▶ Source records
= = = = =

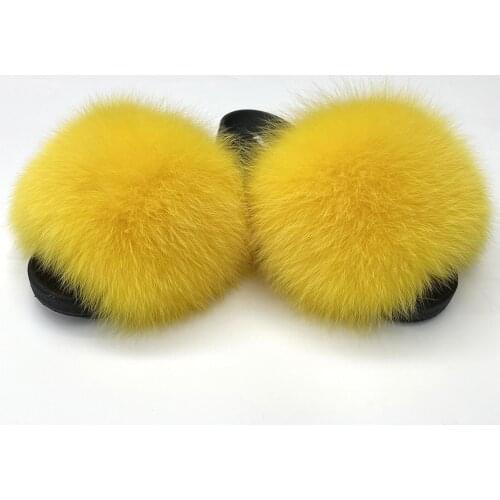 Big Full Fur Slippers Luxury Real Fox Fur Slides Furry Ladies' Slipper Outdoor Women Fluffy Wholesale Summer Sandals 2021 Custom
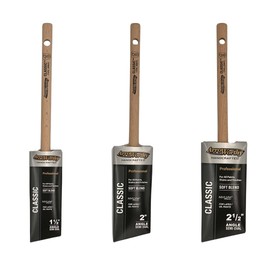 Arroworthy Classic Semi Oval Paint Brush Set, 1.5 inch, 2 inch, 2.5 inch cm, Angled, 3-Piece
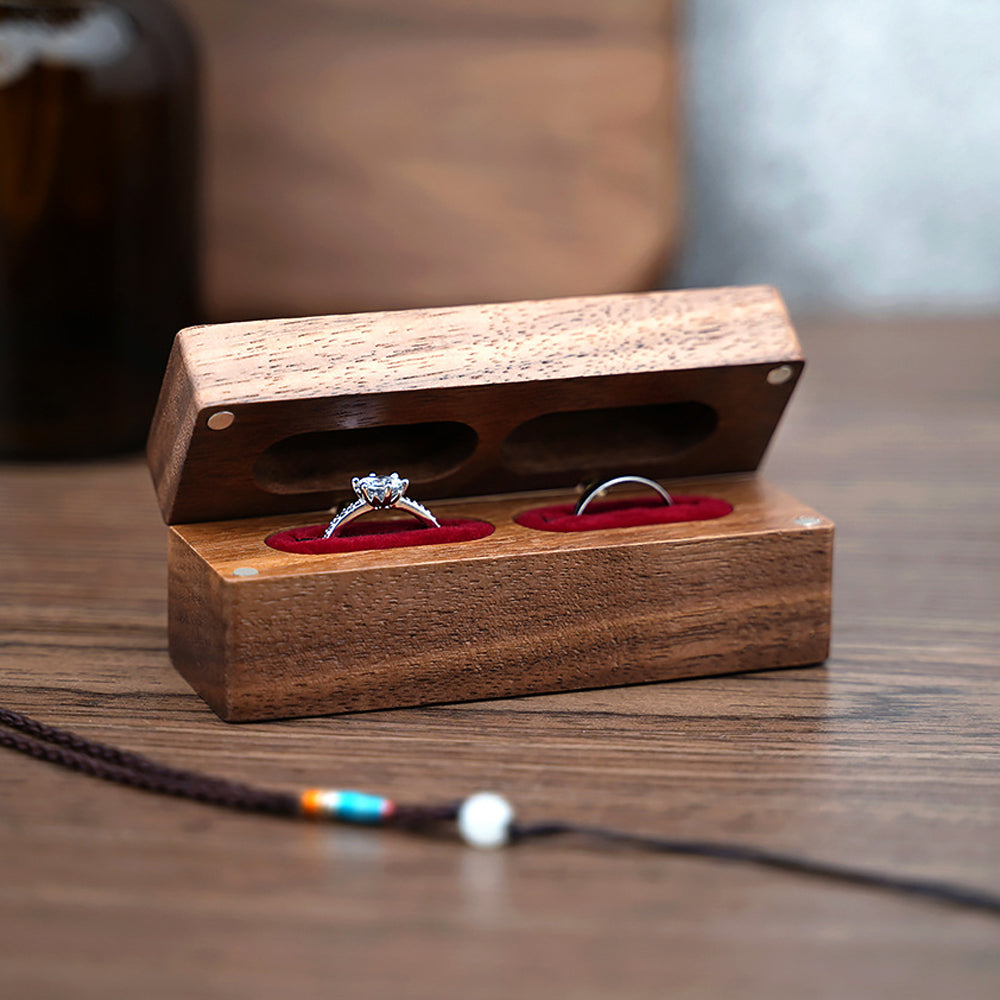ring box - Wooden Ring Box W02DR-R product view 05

= = = = =

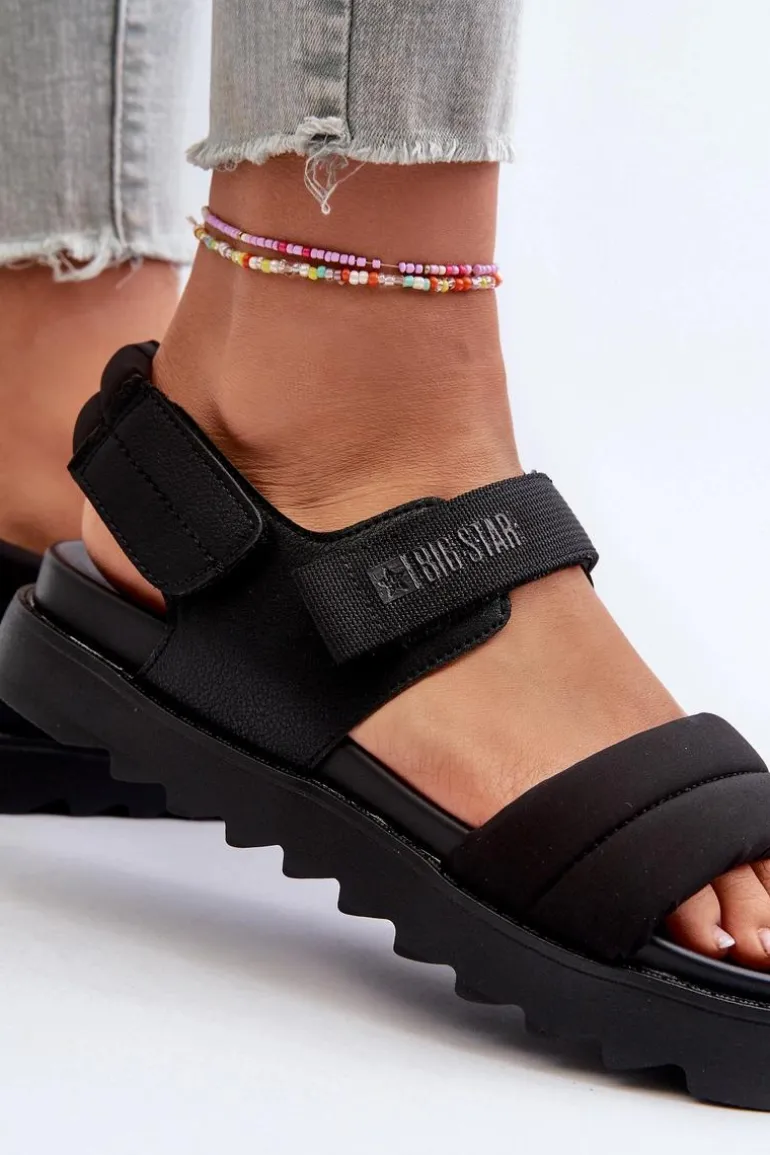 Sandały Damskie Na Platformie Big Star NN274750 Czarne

= = = = =

▶ Exercise
In the listing above, find the line containing "Big Full Fur" and the line containing "ring box - Wooden", then output those two lines and everything between them exactly as written, without the images.

▶ Result of the task
 Big Full Fur Slippers Luxury Real Fox Fur Slides Furry Ladies' Slipper Outdoor Women Fluffy Wholesale Summer Sandals 2021 Custom
 Arroworthy Classic Semi Oval Paint Brush Set, 1.5 inch, 2 inch, 2.5 inch cm, Angled, 3-Piece
ring box - Wooden Ring Box W02DR-R product view 05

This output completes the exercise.